私の余韻を断ち切るように、彼はすくっと椅子から立ち上がり、襟元を正し私に視線を落とした。

「樹ちゃんのお友達がお待ちかねだろうから今から超特急で送り届けるよ」

あ、そうだった。

「はい」

早く美咲のところに行かなくちゃ。

それなのに、私の気持ちはまだ神楽さんと一緒にいたいと思っていた。

夢みたいな時間はあっという間で、そして、本当にこれで彼と会うのも最後かもしれない。
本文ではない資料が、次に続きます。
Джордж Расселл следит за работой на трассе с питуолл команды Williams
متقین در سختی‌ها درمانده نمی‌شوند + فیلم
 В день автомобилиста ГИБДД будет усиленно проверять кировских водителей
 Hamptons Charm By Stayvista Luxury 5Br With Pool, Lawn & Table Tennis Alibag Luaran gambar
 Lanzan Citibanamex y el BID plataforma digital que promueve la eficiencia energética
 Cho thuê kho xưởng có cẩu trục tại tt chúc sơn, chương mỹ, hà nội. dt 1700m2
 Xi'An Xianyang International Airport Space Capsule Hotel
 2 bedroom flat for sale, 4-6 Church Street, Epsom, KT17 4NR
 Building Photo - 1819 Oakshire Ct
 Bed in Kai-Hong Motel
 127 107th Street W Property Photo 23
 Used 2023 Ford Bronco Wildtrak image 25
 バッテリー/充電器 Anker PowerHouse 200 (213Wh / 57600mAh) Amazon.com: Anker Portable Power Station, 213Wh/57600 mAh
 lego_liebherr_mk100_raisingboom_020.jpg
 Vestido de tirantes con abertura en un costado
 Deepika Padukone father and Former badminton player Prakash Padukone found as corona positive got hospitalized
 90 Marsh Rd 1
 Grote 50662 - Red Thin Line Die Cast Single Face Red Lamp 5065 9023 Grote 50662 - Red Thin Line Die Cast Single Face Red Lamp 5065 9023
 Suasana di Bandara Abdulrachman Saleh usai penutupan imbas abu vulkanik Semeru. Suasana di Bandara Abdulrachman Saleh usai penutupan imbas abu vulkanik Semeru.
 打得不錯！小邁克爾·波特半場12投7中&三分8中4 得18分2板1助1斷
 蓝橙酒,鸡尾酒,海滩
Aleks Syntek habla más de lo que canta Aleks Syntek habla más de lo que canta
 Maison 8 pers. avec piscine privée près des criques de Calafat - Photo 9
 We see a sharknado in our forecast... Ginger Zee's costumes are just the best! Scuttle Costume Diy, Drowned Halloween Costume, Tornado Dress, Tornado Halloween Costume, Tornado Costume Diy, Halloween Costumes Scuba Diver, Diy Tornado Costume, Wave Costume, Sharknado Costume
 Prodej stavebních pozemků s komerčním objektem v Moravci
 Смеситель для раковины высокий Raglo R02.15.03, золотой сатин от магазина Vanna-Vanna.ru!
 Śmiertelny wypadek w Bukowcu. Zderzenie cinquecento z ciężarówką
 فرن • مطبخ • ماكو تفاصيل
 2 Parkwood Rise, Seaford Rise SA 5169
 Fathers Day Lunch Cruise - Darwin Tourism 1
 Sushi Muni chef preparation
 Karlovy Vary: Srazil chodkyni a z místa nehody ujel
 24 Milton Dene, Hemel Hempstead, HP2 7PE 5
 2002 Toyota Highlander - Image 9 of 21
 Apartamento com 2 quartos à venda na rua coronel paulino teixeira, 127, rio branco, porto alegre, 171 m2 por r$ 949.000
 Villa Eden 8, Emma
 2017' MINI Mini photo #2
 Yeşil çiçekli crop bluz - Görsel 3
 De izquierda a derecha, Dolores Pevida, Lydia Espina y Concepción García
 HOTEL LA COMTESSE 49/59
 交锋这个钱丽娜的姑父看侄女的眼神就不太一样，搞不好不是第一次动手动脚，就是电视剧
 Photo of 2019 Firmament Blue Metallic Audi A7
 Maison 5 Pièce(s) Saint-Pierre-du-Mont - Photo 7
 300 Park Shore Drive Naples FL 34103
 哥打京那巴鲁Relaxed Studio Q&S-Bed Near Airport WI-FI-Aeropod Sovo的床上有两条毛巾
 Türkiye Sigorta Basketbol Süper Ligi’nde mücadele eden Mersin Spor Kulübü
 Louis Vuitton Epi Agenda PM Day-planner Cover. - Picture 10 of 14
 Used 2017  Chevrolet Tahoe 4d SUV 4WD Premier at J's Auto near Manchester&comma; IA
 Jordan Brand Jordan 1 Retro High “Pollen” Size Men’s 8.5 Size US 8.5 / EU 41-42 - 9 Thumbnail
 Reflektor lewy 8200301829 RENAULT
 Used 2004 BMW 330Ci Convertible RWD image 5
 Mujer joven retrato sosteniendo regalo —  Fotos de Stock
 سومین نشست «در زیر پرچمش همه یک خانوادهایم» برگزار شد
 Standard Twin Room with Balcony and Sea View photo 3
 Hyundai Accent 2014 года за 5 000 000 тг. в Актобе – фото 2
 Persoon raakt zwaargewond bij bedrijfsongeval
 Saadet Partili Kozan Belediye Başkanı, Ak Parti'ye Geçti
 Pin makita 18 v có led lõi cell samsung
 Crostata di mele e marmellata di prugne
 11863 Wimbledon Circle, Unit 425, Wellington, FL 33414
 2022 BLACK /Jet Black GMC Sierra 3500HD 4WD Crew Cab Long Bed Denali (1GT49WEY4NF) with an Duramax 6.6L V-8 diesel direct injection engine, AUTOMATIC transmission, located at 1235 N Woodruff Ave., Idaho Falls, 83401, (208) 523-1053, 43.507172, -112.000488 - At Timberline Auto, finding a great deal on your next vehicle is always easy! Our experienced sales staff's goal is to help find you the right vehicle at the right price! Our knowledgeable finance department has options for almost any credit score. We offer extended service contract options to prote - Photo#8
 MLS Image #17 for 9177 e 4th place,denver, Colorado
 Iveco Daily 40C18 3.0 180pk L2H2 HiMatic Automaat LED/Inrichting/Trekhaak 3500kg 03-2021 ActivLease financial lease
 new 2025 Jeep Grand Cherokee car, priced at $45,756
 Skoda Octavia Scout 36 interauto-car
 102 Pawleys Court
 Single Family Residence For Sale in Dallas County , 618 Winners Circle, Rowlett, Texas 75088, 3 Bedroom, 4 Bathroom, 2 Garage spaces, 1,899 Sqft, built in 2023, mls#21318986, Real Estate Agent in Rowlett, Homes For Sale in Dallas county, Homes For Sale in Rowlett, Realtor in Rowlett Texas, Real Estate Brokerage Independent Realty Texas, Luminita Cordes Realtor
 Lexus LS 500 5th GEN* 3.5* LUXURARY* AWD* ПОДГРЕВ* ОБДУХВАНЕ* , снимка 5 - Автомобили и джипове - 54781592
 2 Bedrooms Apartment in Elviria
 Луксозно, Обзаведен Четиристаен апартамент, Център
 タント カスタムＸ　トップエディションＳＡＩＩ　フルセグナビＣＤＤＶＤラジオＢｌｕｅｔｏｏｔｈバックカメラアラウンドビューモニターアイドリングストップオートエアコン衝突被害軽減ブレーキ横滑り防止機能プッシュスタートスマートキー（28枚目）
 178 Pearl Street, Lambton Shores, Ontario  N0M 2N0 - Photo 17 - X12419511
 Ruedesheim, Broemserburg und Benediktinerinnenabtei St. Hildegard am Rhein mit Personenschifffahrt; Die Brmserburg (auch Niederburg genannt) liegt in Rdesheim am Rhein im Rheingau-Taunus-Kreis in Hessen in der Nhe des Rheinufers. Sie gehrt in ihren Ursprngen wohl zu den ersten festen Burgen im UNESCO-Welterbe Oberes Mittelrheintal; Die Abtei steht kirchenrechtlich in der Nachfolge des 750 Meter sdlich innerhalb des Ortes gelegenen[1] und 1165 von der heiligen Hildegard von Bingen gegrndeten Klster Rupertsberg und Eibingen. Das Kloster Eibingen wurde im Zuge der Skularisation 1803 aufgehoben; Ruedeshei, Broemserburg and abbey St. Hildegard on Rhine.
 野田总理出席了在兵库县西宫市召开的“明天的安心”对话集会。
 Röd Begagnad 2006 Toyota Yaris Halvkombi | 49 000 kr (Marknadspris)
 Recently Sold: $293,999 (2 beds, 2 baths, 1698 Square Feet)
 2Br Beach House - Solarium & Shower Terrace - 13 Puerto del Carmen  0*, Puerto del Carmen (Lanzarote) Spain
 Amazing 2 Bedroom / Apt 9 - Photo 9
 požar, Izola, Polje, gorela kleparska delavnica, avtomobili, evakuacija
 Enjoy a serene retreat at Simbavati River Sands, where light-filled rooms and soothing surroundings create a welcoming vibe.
車に揺られながら、私は好きになってはいけない神楽さんに完璧に恋をしていると確信していた。

車中では、何も話せないままマンションに到着する。

「今日はお付き合いありがとう」

「いえ、送ってもらってありがとうございました」

開いたドアから出ようとした時、彼が私の手首をつかみ引き止めた。

「君が迷惑じゃなければ、次は電話に出て」

神楽さんの目はかすかに潤んでいるように見えた。

彼みたいな人が、私なんかに真剣にそんなことを言うなんてどう考えたって夢物語。

きっとこれは何かの間違いなんだわ。

美咲にも厳しく言われたけれど、きっと忘れなくちゃいけない人、なんだよね。

「……はい」

私はそう言うと、右奥歯を噛みしめ車から外に出た。

車のドアが閉まり、神楽さんを乗せた車が見えなくなるまでその場で見送る。

というか、しっかりこの目に焼きつけたかった。

最後かもしれない彼の姿を……。